When tourists travel from one country to another, they have to change money into the currency of the country they are visiting. So, when UK tourists visit France or Spain they have to buy euros. Likewise, when tourists from the USA visit the UK, they have to buy British pounds.
Also, when tourists use credit cards while they are abroad on holiday, what they spend when they are on holiday is converted back into British pounds when they receive their bill.
An example is shown below. The credit card was used to buy a number of goods and services in France in Euros. These amounts were then converted into British pounds by the credit card company.
You will see that over the period in which the card was used the exchange rate between Euros and British pounds changed. For example, on August 28th, the rate was 1.0791 Euros and on August 31st the rate was 1.0845.
The rates of exchange between different currencies are continually changing, depending on economic and political conditions. These changes affect tourists and tourism organisations.
Exchange rates between different currencies can change a lot over a period of time, such as two or three years and these changes can have a big impact. Sometimes, the terms ‘strong pound’ and ‘weak pound’ are used.
A ‘strong pound’ means that tourists can buy a lot of foreign currency when they go abroad, making their holiday cheaper. A ‘weak pound’ means that less currency can be bought, making things more expensive for UK tourists abroad.
Explain how changing currency exchange rates might have an impact on the following businesses:
- A small hotel in a UK seaside resort.
- A UK based tour operator taking small groups of tourists to Europe.
- A large attraction. Writing frame
When buying foreign money to spend abroad, tourists need to have some idea of what they are spending and how much things are costing. So, calculating how much a foreign currency is worth is important.
Let’s assume that at a moment in time £1 has an exchange rate of $1.35 and 1.12 Euros.

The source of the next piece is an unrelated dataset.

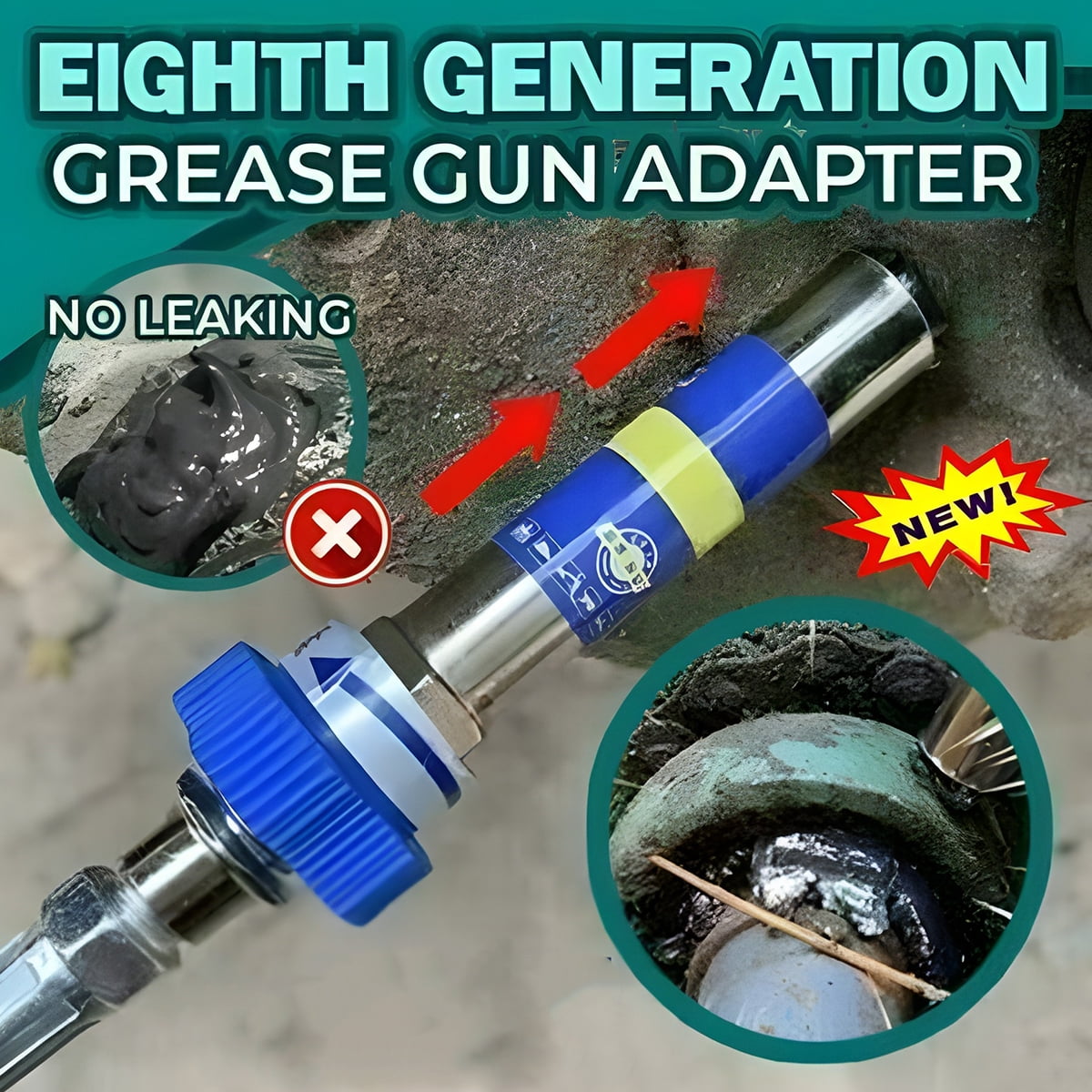 THRENS Grease Coupler Grease Tool Adapter High Pressure Butter Grease Lock Clamp Grease Nozzle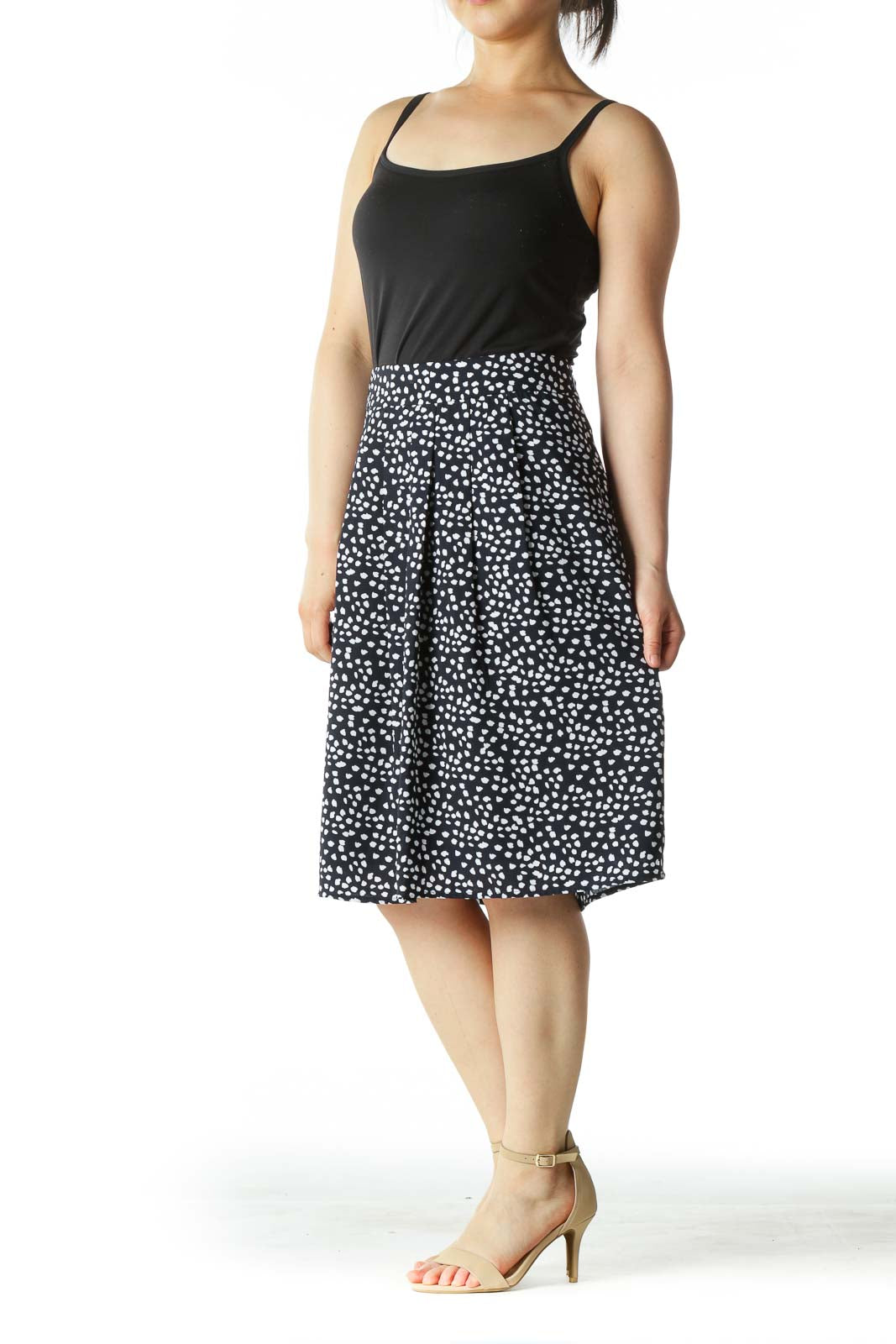 Black and White Polka Dot A-Line Skirt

To change British money into foreign money the following formula is used:
Foreign currency = British currency x Exchange rate
So, given the exchange rates above:
For £100 a tourist would receive
$135 (£100 x 1.35) and 112 Euros (£100 x 1.12)
Let’s say that a year beforehand the exchange rates had been $1.47 and 1.29 Euros. If this were the case, the UK tourist would be worse off changing money than they had been a year ago and items bought when abroad would be more expensive.
Research currency converter websites to see what today’s exchange rates are compared to the ones given above.